Addressing racial injustice

Addressing racial injustice

An email from CEO Satya Nadella to Microsoft employees: 

As I shared in our Employee Town Hall last month, and in my email earlier this month, we are committed to take action to help address racial injustice and inequity, and unequivocally believe that Black lives matter. Below you will see many of the steps we are taking.

Over the past several weeks, the senior leadership team, board of directors, and I have spent time reflecting, listening, learning, and discussing what role the company – and all of us collectively – must play in helping to drive change, both within Microsoft and in our communities. With significant input from employees and leaders who are members of the Black and African American community, we have developed a set of actions that we believe are both meaningful to improving the lived experience at Microsoft, as well as driving change in the communities in which we live and work.

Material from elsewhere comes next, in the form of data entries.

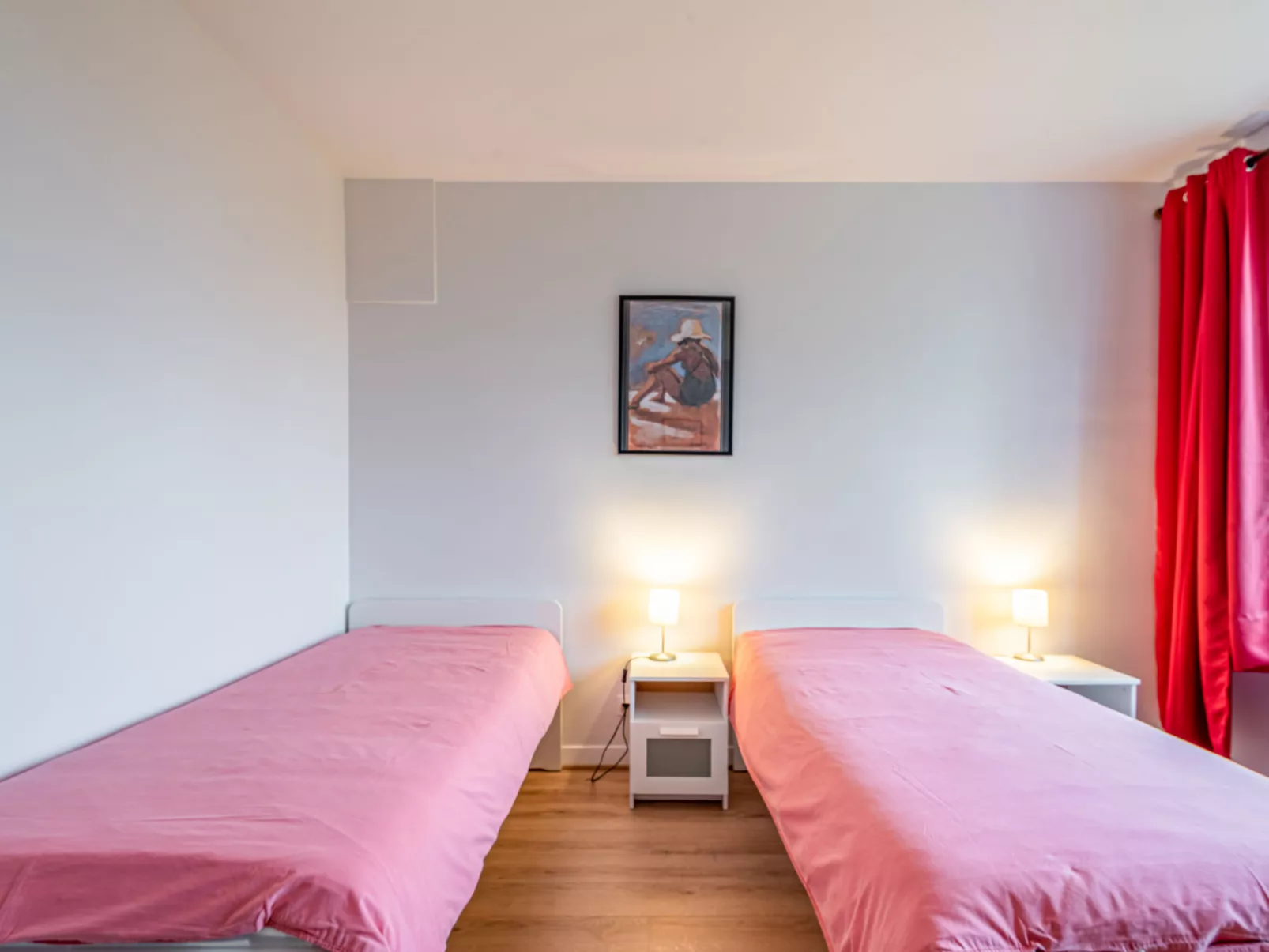 Maison Sainte Claire-Inside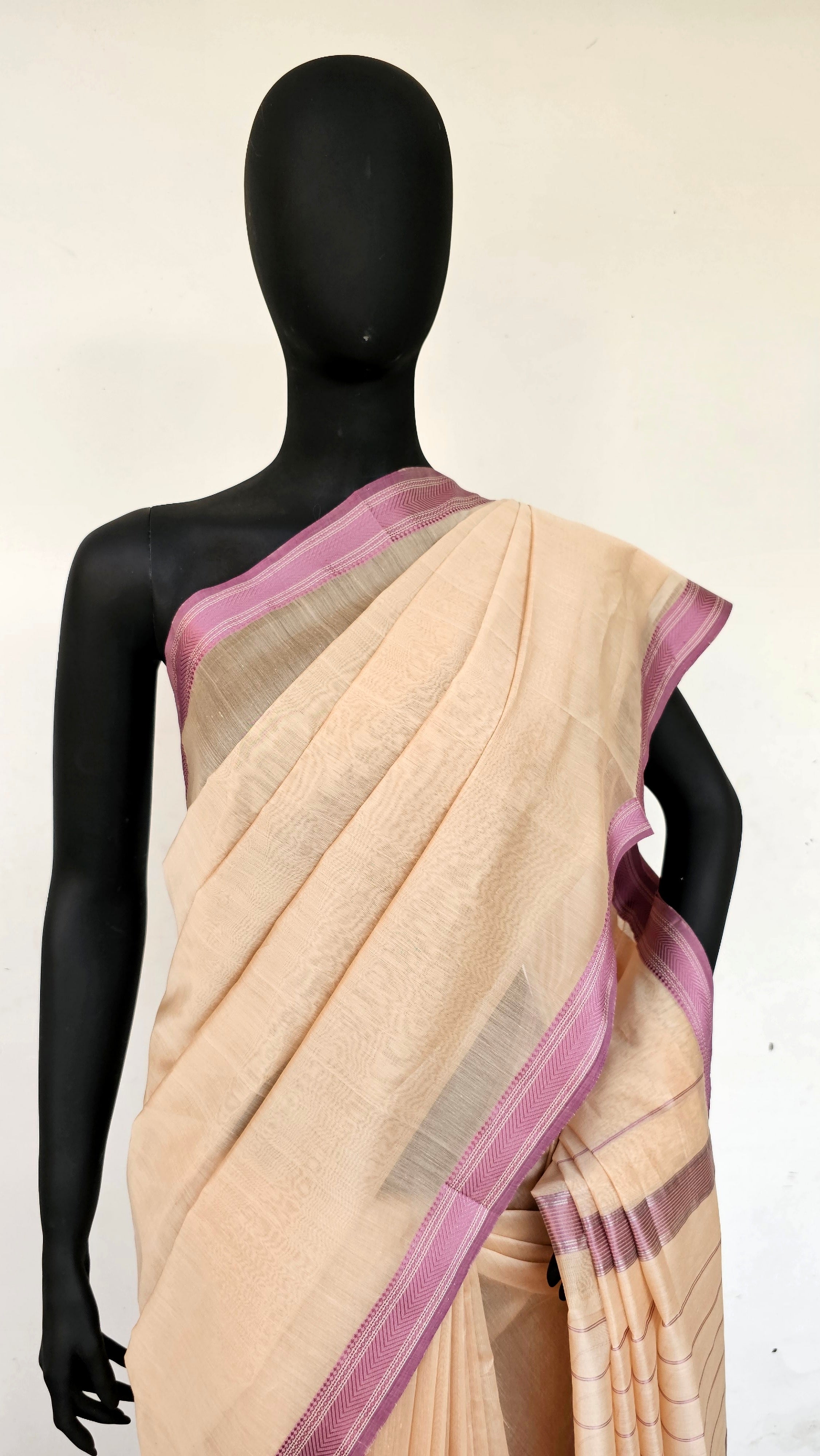 Maheshwari Handwoven Saree with Onion Pink Resham Borders.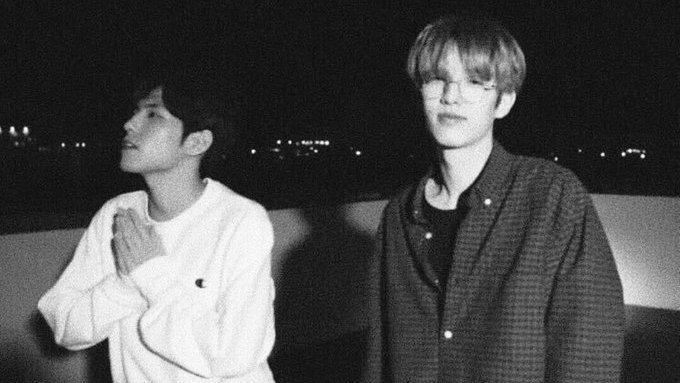 𝑮𝒊𝒕𝒂𝒓𝒂Unable to let go of their lingering memories, Wonpil still suffers from the ache caused by breaking up with his first love. It seemed to him that it just happened all at once, without any closure.Suddenly, a year after... Jae messaged him again. #JaePilaylist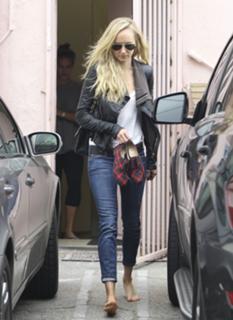 Kimberly Stewart feet photo 5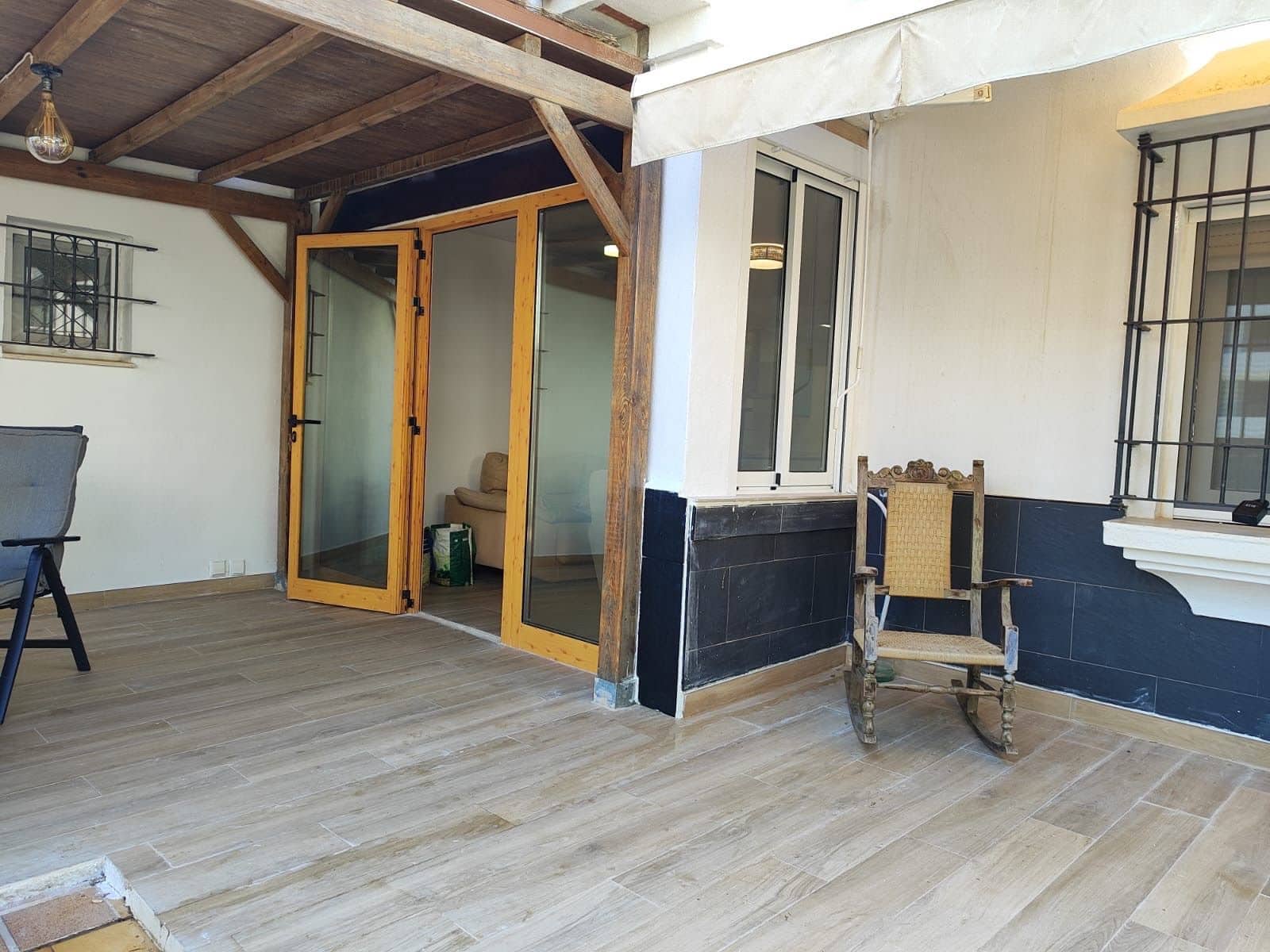 3 soveværelse Lejlighed til leje i Playa Flamenca med swimmingpool garage - € 1.150 (Ref: 8875606)
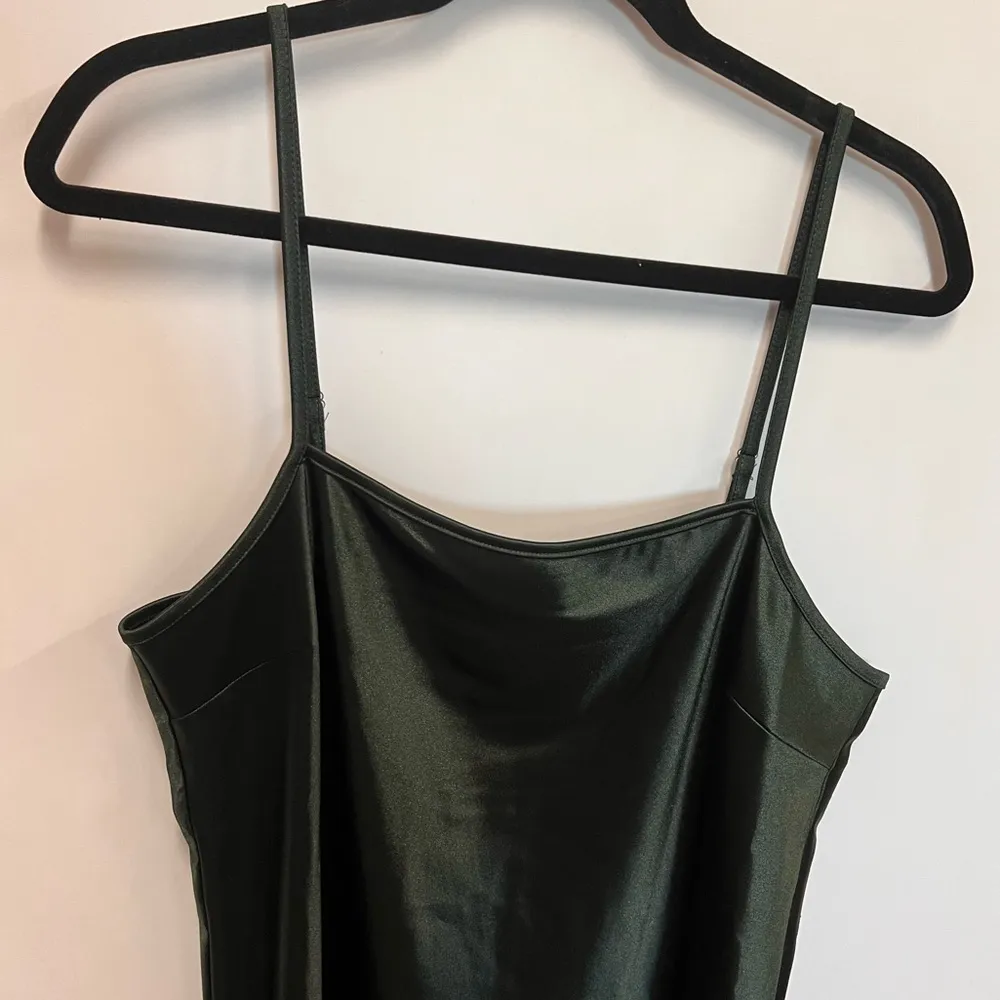Hiatus midi emerald green satin slip dress w/adjustable spaghetti straps size M - Image 3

Today, we are making commitments to address racial injustice and inequity for the Black and African American community in the United States. We will additionally take important steps to address the needs of other communities, including the Hispanic and Latinx community, across the company in the next five years. We are focused on three multiyear, sustained efforts:

  • Increasing our representation and culture of inclusion. We will build on our diversity and inclusion (D&I) momentum from the past five years by adding an additional $150M of D&I investment, and will double the number of Black and African American people managers, senior individual contributors, and senior leaders in the United States by 2025.
  • Engaging our ecosystem. We will use our balance sheet and engagement with suppliers and partners to extend the vision for societal change throughout our ecosystem, creating new opportunities for them and the communities they serve.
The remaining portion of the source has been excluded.